■東京・目黒区役所は、2003年1月6日の新庁舎移転に合わせて300台のパソコンを新規に導入し、庁内LANを整備した。その際、ファイルサーバーやメールサーバー、グループウエアサーバー用として、目黒区役所はLinuxプラットフォームを選択した。
■コスト面やセキュリティの観点からオープンソース・ソフトウエアの導入に注目が集まる昨今だが、逆にオープンソースであるが故にセキュリティ面に不安があるという声もある。“石橋を叩いても渡らないほど慎重”とも言われる自治体が、Linuxプラットフォームという橋を渡ることになった決め手は何だったのか。その背景と導入について、詳しくリポートする。(文:安藏靖志=企画サイト編集部、写真:佐藤久)

※ この記事は6月11日にウェブサイト「BizTech Special:Linuxソリューション」に掲載されたものです。


■庁内LANへのニーズが高まる中で新庁舎への移転が決まる

東京都目黒区の地図
   

 東京都目黒区は2003年1月6日、目黒区上目黒に新庁舎をオープンした。目黒区役所の旧庁舎が老朽化していたことや、手狭になっていたことから、破たんした旧・千代田生命相互会社の本社ビルを2001年2月に取得したものだ。これによって従来、6カ所に分かれていた事務所が一つにまとまっただけでなく、目黒区保健所や東京都目黒都税事務所も合わせて新庁舎に移転した。
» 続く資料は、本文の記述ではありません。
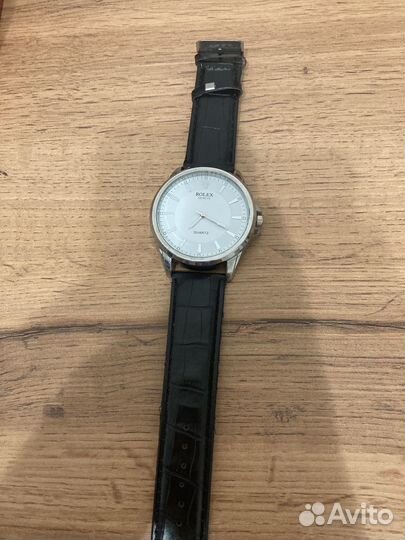 Наручные часы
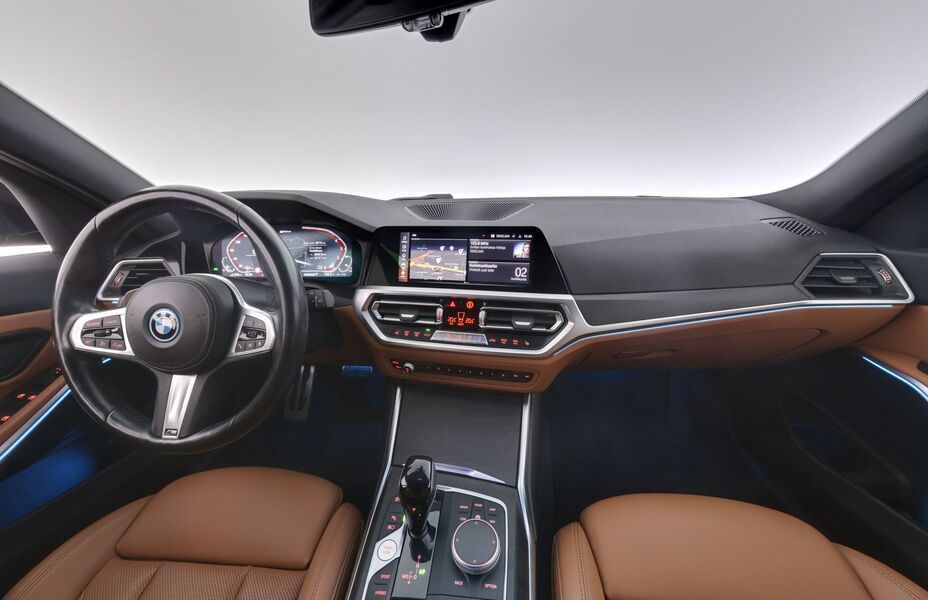 BMW 330 vaihtoauto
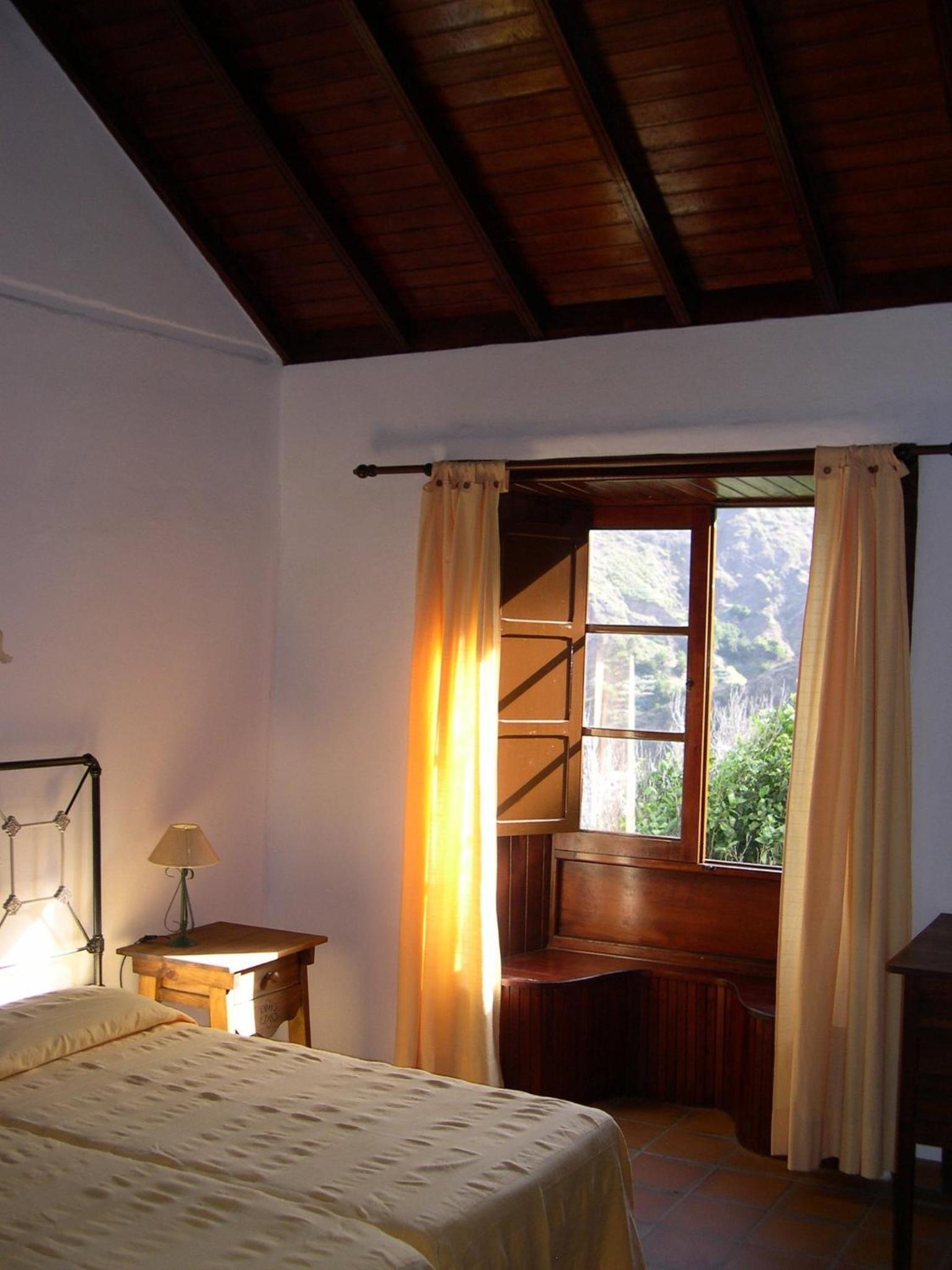 Two-Bedroom Cottage (4 Adults)  photo 2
 1月6日の新庁舎移転に伴ってWindowsパソコン300台を各課に新たに配置し、日本IBMのLinuxサーバー「xSeries」によってファイル共有やメールシステムを稼働させた。この8月には、そのLinuxプラットフォーム上にパナソニック ソリューションテクノロジーのグループウエア「GlobalFamily」の稼働も予定している。

伊東氏

目黒区
経営企画部情報課 課長
伊東桂美氏

 

 目黒区役所では、以前からメインフレームで住民基本台帳や税金、国民健康保険など28業務に関する処理を行う基幹業務システムを稼働していたほか、クライアント/サーバーシステムで介護保険の処理などを行っていた。しかしこれらは区役所の本来業務をこなすためのシステムであり、事務連絡といった各種情報のやり取りのためのシステムやネットワークは存在していなかった。個別のパソコンや部課内でのLANなどはこれまでも存在していたが、事務系ネットワークの構築は、Linuxサーバーを中心とした今回のシステムが初めてとなる。

 システム導入の経緯について、目黒区 経営企画部情報課 課長の伊東桂美氏は次のように語る。

 「政府が2000年11月にIT基本戦略を発表しましたが、その頃、当然、庁内LANの整備が必要だという議論が出ていました。旧庁舎でもごくごく小さなLANはありましたが、本格的な全庁LANは整備されていませんでした。そんな折りに新庁舎移転の話が出てきたので、そのタイミングを逃せば整備ができないだろうと考え、庁内の情報化に関する検討が始まったのです」。

 こうして目黒区役所の情報化に関する検討が進み、2002年11月に決定したのが「目黒区情報化ビジョン」だった。その柱として打ち立てられた3つのキーワードが、『全庁LANの整備』『必要な職員への一人一台のパソコンの整備』『グループウエアの導入』であった。